Task description: The line containing "2002 BMW X5 4.4i" and each line after it, through the final line of the data, are to be retyped exactly, with pictures left out.

Excerpted records:
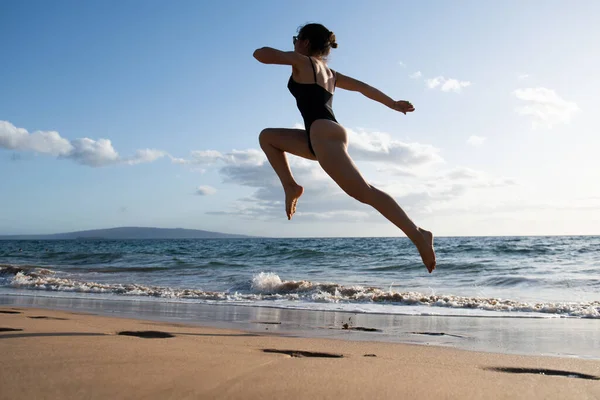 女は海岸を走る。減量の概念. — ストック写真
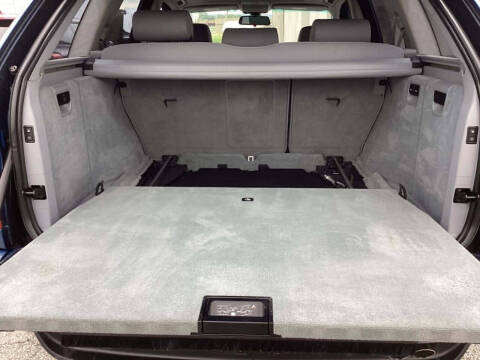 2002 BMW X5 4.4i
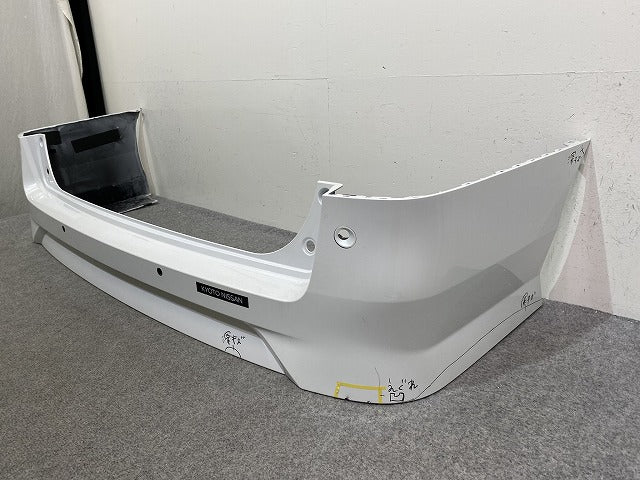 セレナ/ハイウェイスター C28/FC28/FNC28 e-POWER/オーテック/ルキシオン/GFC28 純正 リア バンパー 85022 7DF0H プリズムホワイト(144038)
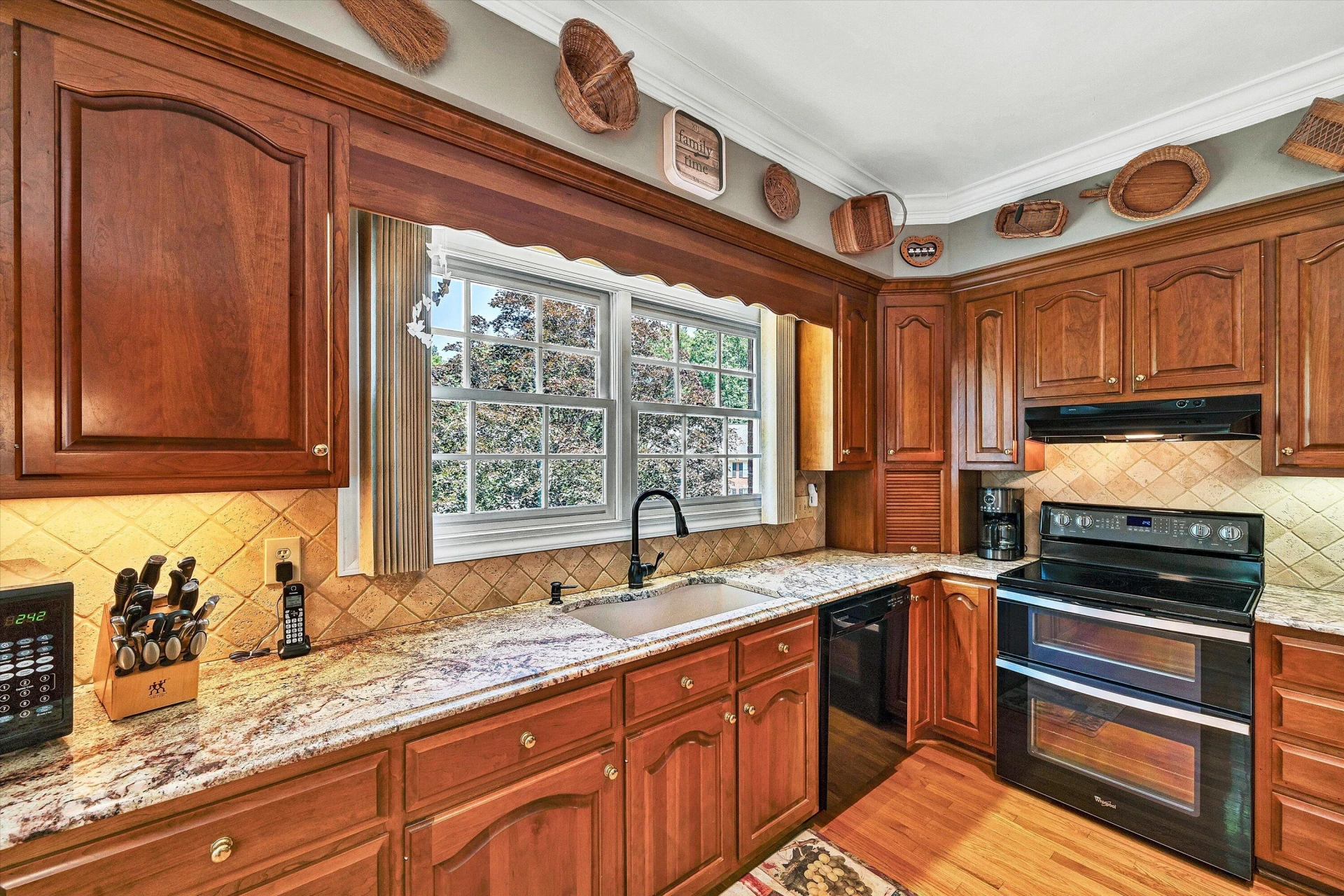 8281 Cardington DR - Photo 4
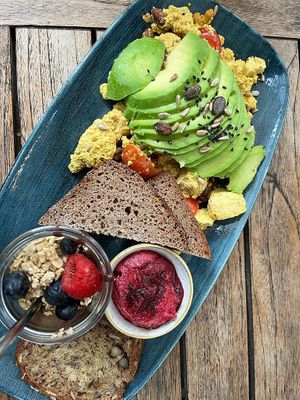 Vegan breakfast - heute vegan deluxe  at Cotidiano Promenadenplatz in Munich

Your solution:
 2002 BMW X5 4.4i
 セレナ/ハイウェイスター C28/FC28/FNC28 e-POWER/オーテック/ルキシオン/GFC28 純正 リア バンパー 85022 7DF0H プリズムホワイト(144038)
 8281 Cardington DR - Photo 4
 Vegan breakfast - heute vegan deluxe  at Cotidiano Promenadenplatz in Munich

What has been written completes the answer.